Na consonância com o Estatuto do Idoso, o Conselho do Idoso possui competência legal (federal e municipal) para fiscalizar as entidades de atendimento, mas ele é composto por agentes públicos (que não são considerados ‘servidores públicos’), os quais representam entidades governamentais e não governamentais, paritariamente. Salvo melhor juízo, o Conselho do Idoso atenderá a esta condição de fiscalizar se, sob seu comando, existirem ‘servidores públicos’ com competência para tal. E, evidente, a designação depende do poder discricionário da Administração em criar a figura, que um dia o fará, até por imposição do Ministério Público ou Ação Civil Pública.
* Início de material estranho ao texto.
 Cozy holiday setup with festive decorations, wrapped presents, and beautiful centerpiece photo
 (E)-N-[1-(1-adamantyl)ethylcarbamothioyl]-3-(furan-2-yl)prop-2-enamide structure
Para o Estatuto da Criança e do Adolescente, a questão da fiscalização é mais clara. Nela está explícita a figura do conselheiro tutelar, a figura do ‘servidor público’ e a figura do ‘voluntário designado’ que, neste caso, bem pode ser um conselheiro do conselho municipal dos direitos, desde que designado mediante ato administrativo próprio.

Em quaisquer dos casos, além dos subsídios que a lei federal estabelece para atuação nos PROCEDIMENTOS PARA APURAÇÃO DE IRREGULARIDADES, há a lei municipal que deve enunciar os complementares, descrevendo os instrumentos de autuação (conteúdo) e definindo as instâncias recursais e os prazos respectivos.
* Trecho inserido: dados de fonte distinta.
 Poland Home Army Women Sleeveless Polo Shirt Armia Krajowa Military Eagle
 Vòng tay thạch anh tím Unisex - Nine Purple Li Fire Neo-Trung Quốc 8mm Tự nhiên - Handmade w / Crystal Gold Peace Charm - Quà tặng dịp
Vejamos o que explicita a lei federal (Estatuto do Idoso):

1 Procedimentos para apuração de irregularidade em relação à Política do Idoso (Estatuto do Idoso) – grifo nosso

Art. 52. As entidades governamentais e não-governamentais de atendimento ao idoso serão fiscalizadas pelos Conselhos do Idoso, Ministério Público, Vigilância Sanitária e outros previstos em lei.
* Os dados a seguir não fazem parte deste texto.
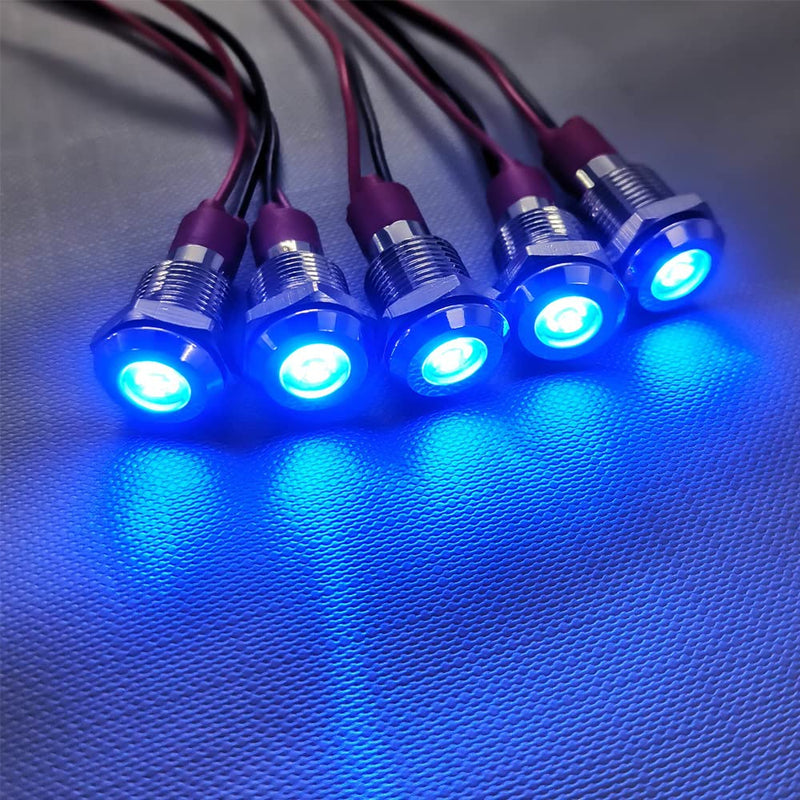 [Australia - AusPower] - 10mm 3V-4.5V-5V-6V-7.5V-9VDC Waterproof Signal Indicator Lamp with Wire, Energy Saving LED Metal Indicator Light(5pcs x Blue)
Art. 55. As entidades de atendimento que descumprirem as determinações desta Lei ficarão sujeitas, sem prejuízo da responsabilidade civil e criminal de seus dirigentes ou prepostos, às seguintes penalidades, observado o devido processo legal:

I – às entidades governamentais:

  1. a) advertência;
  2. b) afastamento provisório de seus dirigentes; (…);

II – às entidades não-governamentais:

  1. a) advertência;
  2. b) multa; (…).
  • 3° Na ocorrência de infração por entidade de atendimento (então, ocorreu um Laudo!), que coloque em risco os direitos assegurados nesta Lei, será o fato comunicado ao Ministério Público, para as providências cabíveis, inclusive para promover a suspensão das atividades ou dissolução da entidade, com a proibição de atendimento a idosos a bem do interesse público, sem prejuízo das providências a serem tomadas pela Vigilância Sanitária. (paralelamente ocorrem as ESPECÍFICAS do MP e da VIGILÂNCIA!)
  • 4° Na aplicação das penalidades, serão consideradas a natureza e a gravidade da infração cometida, os danos que dela provierem para o idoso, as circunstâncias agravantes ou atenuantes e os antecedentes da entidade.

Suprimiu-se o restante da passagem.